とうとう念願の体育祭が行われることになった。
ハルちゃんは嬉しくて嬉しくて、泣きながら笑った。妖精もまた泣きながら笑った。
『週末は荒れた天気となるでしょう』
天気予報が無情に告げる。
ハルちゃんがあんなに楽しみにしている体育祭。
「ママ……私がなんとかするから泣かないで」
ひだまりの妖精は小さな羽根を広げて真っ暗な空へ向かう。
妖精には、ひだまりを作るくらいの力しかない。
分厚い雨雲はビクともしなかった。
妖精は泣きたくなったけれど、ハルちゃんのためなら力が湧いてくる。
「お願いお日さま、私に力を貸して。ママが笑ってくれるなら、私は消えてしまってもかまわないの」
雲が割れて一筋の光が差しこむ。
「ありがとう」
妖精は無数の光の粒となり、乱反射した太陽光が雲を消してゆく。
「よかった……ママ……大好きなママ……」
最後の雨雲とともに光の粒が消えた。
「お母さん!! 空を見て、晴れたんだよ、きっと体育祭やるよね?」
「あら本当ね、予報は雨だったのに? どうしたのハル?」
突然泣き出したハルちゃんに驚くお母さん。
「ううん、何でもないの。
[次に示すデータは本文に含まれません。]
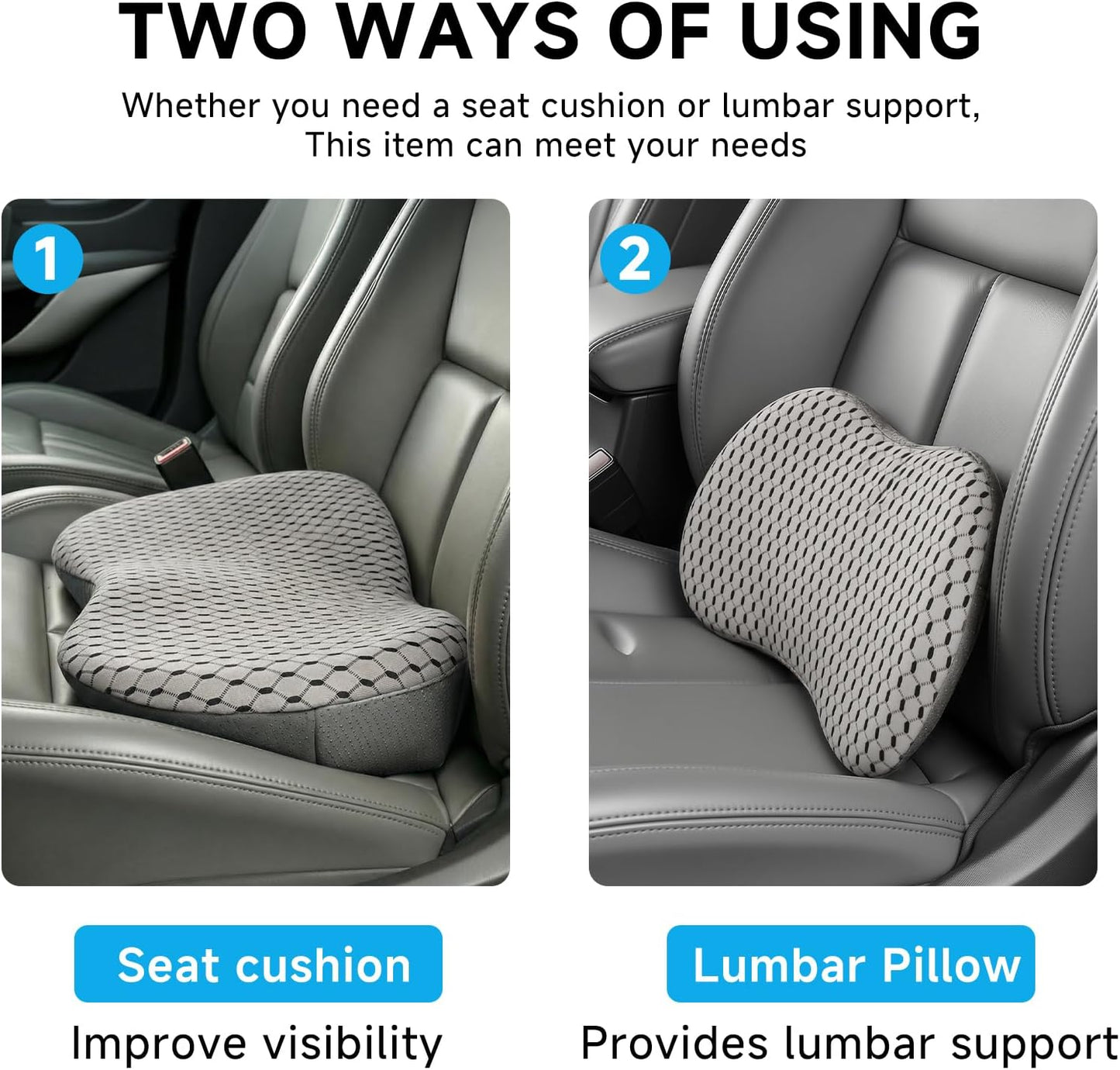 Livtribe Car Seat Cushion - Memory Foam Seat Pad for Sciatica & Lower Back Pain Relief - Driving Cushion with Breathable Mesh Cover - Road Trip Essentials for Drivers (3D Gray)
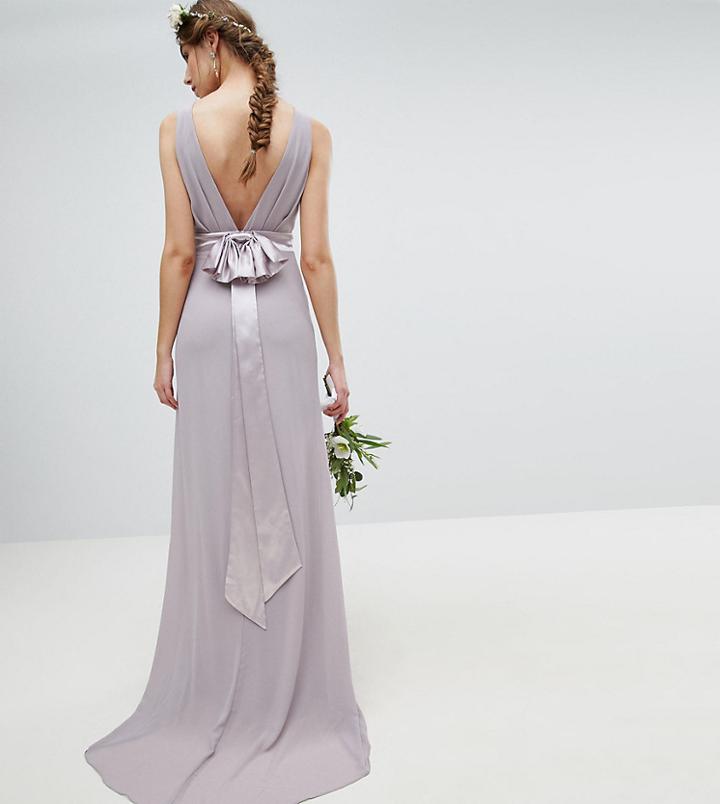 Tfnc Tall Sateen Bow Back Maxi Bridesmaid Dress - Gray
おかしいな……とっても嬉しいはずなのに涙が止まらないの」
中学最後の体育祭。空には大きな虹がかかっている。
ハルちゃんは誰より一生懸命楽しんで、誰より元気に走り回った。
ひだまりはもうないけれど、みんなを明るく照らす光になった。
「やったよお母さん、うちのクラスが優勝だよ」
ハルちゃんが笑った三年目の体育祭。待ち望んでいた心からの笑顔。
知ってるかい? 妖精はとびきりの笑顔から生まれるんだ。
ほらごらん。
「ママ、また一緒だね、ママ」
「お母さん、何か言った?」
「ううん、何も」
「そう、たしかに聞こえたんだけどなあ?」
ハルちゃんはいつも元気いっぱい。まるでひだまりみたいって評判の女の子。